I take my left hand and pretend I’m zipping my lips. I can see the hint of a smile trying to escape her tight hold on it, while she rolls her eyes, then shakes her head.

“All right. I guess we’ll see how it goes.”

Two hours later, I’m freaked out by what I’ve seen on the show, but I wound up sucked in. It was like a bad accident that you don’t want to see but also can’t turn away from. Oddly enough, when Tillie turns the television off with the remote, I’m disappointed.

“That’s it?”

“There’s more, but let’s save some for another night. I’m ready to go to sleep.”

She stands and grabs my beer can and her wine glass off the table. When she disappears into the kitchen, she’s back in less than a minute. I rise, and she walks me to the door.

“Thanks for letting me hang out tonight. Also, for introducing me to your world of true crime addiction. I’ll be sure to call you at three a.m. when I’m having nightmares,” I tease.

“Hey, I gave you the option to leave.”

“You did. It wasn’t that bad.”

“How would you know? You talked through half of it.”

“Well, I had a lot of questions.”

Our conversation is light and teasing. I’m happy we’re ending the night like this instead of after all that talk about what a dickhead—my words, not hers—her father is. We’re at the door now, and I slip on my coat and step into my shoes.

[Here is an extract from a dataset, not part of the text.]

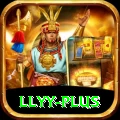 llyy Premium Plus v4.1.5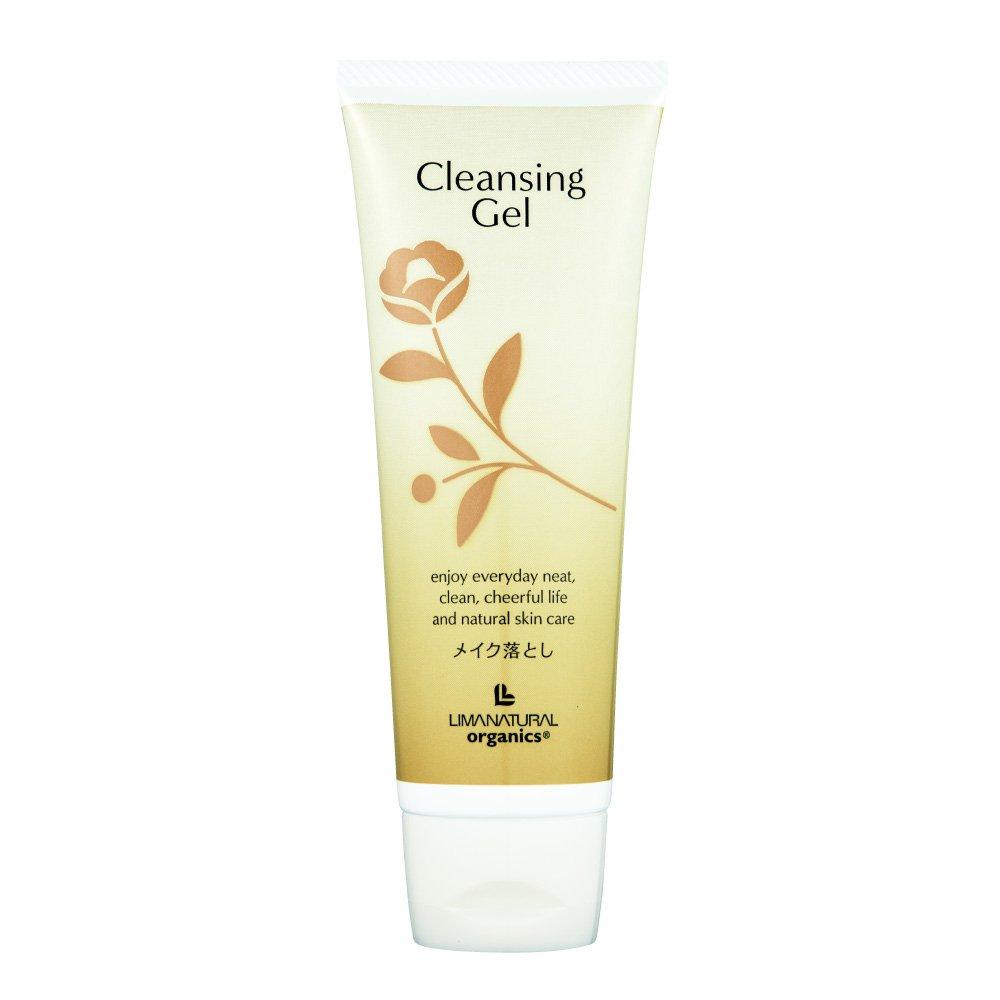 

Lima Natural(R) Cleansing Gel 120g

“I had a great time. I’m a little creeped out, but it was still fun.” I grin at her, and the smile she gives me back is radiant.

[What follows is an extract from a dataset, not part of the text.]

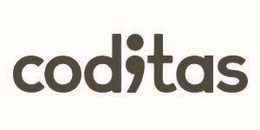 CODITAS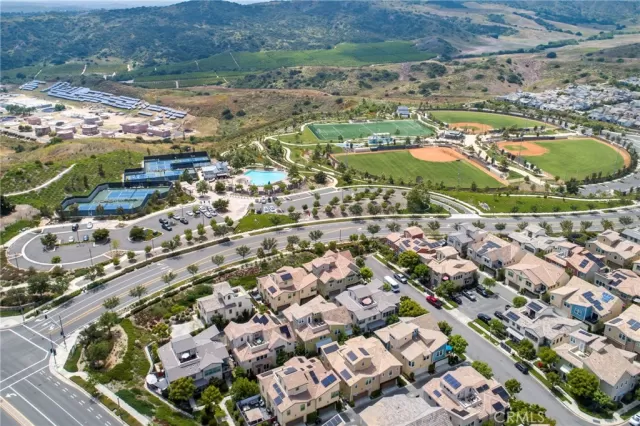 MLS: CV25083824 Condo For Sale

I pull the door handle and open the door. “Goodnight, Matilda.”

“Goodnight,” she practically whispers.

I step out onto the porch and am halfway to my car when her voice cuts through the silence of the cold winter night. “Henry?”

I turn to look at her. “Yeah?”

“Why do you call me Matilda sometimes? Instead of Tillie, I mean. Is it to annoy me?”

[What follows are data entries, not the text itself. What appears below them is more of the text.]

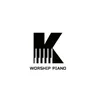 Kai Music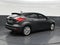 2018 Ford Focus Titanium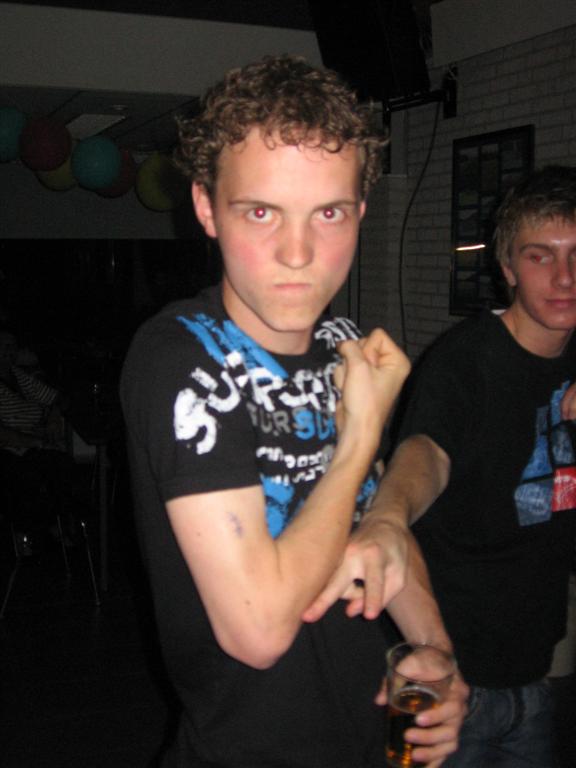 DUW_avond 2009 (228).JPG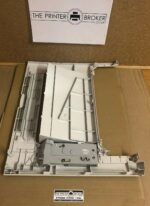 HP LaserJet 5200 Series Top Cover Assembly RM1-2471 - Image 5
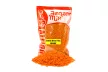 BENZAR MIX ANGOLMORZSA SÁRGA 500GR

“It’s not to annoy you. It’s because it suits you. Why use a nickname when the meaning of one’s full name is so fitting?”

“Oh. Okay.” Uncertainty spreads across her face. “Goodnight, Henry.”

I wave to her and continue to my car. I hear the house door as it closes, and I climb inside my car. Maybe she’ll look up the meaning of her name, but maybe she won’t. Just in case she doesn’t, I’ll send her a text.

Matilda- Meaning - battle-mighty. Your name describes a strong woman. A woman who conquers challenges and succeeds, no matter what kind of battles life throws your way. It suits you. Goodnight.